A lot of Jao blood, in fact, more than Tully had ever seen. There were small pools of the orange stuff on the street, not just the few drops you normally saw.
The Jao didn't usually bleed much. As with almost everything else, their bodies were tougher than human ones that way also. Tully even knew the reason, because Rob Wiley had explained it to him once.
"They stop bleeding so much faster than us because instead of thrombocytes they have micro-threads. Think of it being like superfine glass-fiber in their veins, only it's an organic compound with silica and aluminum in it. That's why their blood is that weird orange color."
Aille bent over one of the corpses, studying it for a moment. "Come," he said. "I have to observe more closely. This is not right."
* * *
Something in the distance erupted, staggering Yaut and causing him to fall to one knee.

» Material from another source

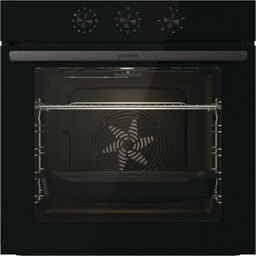 Piekarnik GORENJE BO6725E02BG kolor czarny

"What was that?" Yaut looked back at Aille. His ears sagged and his head buzzed from the force of the explosion.
The Pluthrak was still standing, although he too had obviously been rattled. Aille shook himself until his whiskers flapped, and his eyes were luminous with emotion in the darkness. "It came from underground, I think," he said. "A storage tank of some sort, perhaps?"
"A volatile fuel depot," Yaut said. "That would make sense."
"Fraghta, are you all right?" A hand pulled him onto his feet.
Yaut turned and saw the dark-haired human male, Aguilera. "I am undamaged," he said, letting his body fall into the sternness of perceived-error. He heartily disliked being touched without invitation.
"I don't think that was a fuel depot blowing up, sir," said Kralik. "They probably filled some of the water mains with gasoline and now they're blowing them to create steam. Not that it's really needed, in this rain, but they must have been preparing for days. No way to predict the weather that far ahead."
Aille stood. "You are saying that this is a well-planned ambush, not a hastily organized resistance."
"Yes, sir," Kralik replied. "Meaning no disrespect—to the Jao—but your Governor's temper is notorious. I'm willing to bet this whole thing was designed to draw an attack on Salem, starting with the assault on the whaling ship. This is the logical place for someone who thinks like Oppuk to retaliate. Nearest big town and it's the capital, to boot."
"But . . . the casualties they would produce, among humans."
Aguilera gave Tully a glance that seemed hostile, then shrugged. "The Resistance thinks that way. Kill some Jao—collaborators, too—and be damned to the rest. You're back to fighting in a city, which is where humans have the best advantage."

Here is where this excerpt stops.